* [WORK TASK]: Copy out the data below from the line containing "Chinese Style Embroidery" to the line containing "Oval Cut Diamond", both lines included, with all images left out.
[[ MATERIAL FOR THE TASK open ]]
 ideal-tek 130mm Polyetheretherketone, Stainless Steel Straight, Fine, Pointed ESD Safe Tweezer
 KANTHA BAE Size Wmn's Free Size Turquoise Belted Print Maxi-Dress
[[ MATERIAL FOR THE TASK closed ]]
[[ MATERIAL FOR THE TASK open ]]
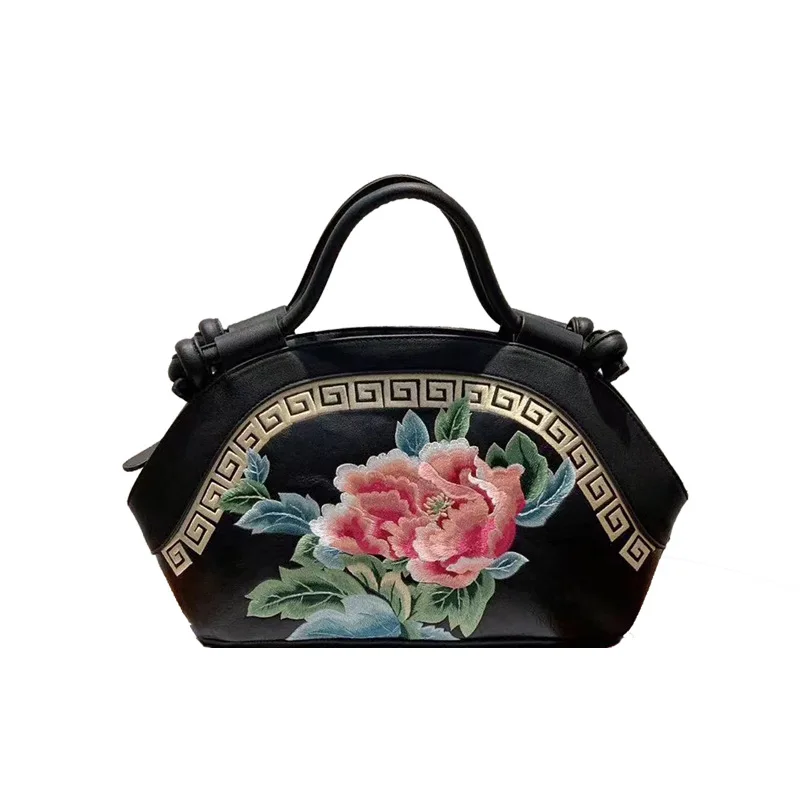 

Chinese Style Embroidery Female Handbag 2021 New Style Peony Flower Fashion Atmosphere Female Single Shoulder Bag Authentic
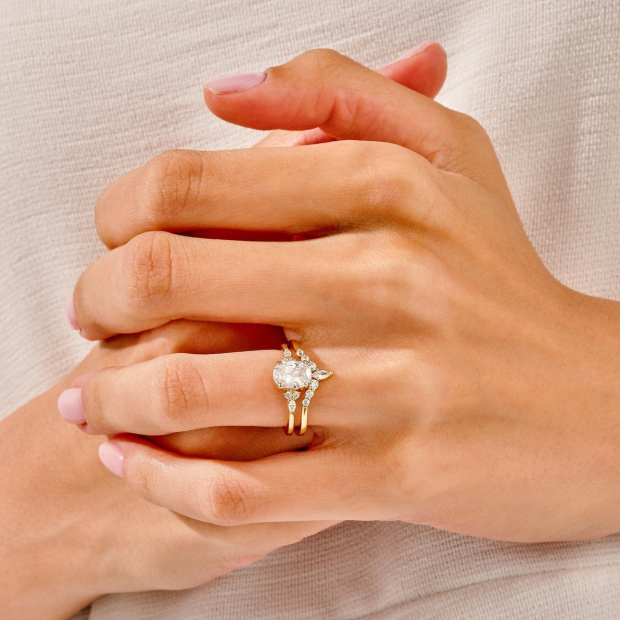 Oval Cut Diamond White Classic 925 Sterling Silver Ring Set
[[ MATERIAL FOR THE TASK closed ]]
* [RESULT]:
Chinese Style Embroidery Female Handbag 2021 New Style Peony Flower Fashion Atmosphere Female Single Shoulder Bag Authentic
 Oval Cut Diamond White Classic 925 Sterling Silver Ring Set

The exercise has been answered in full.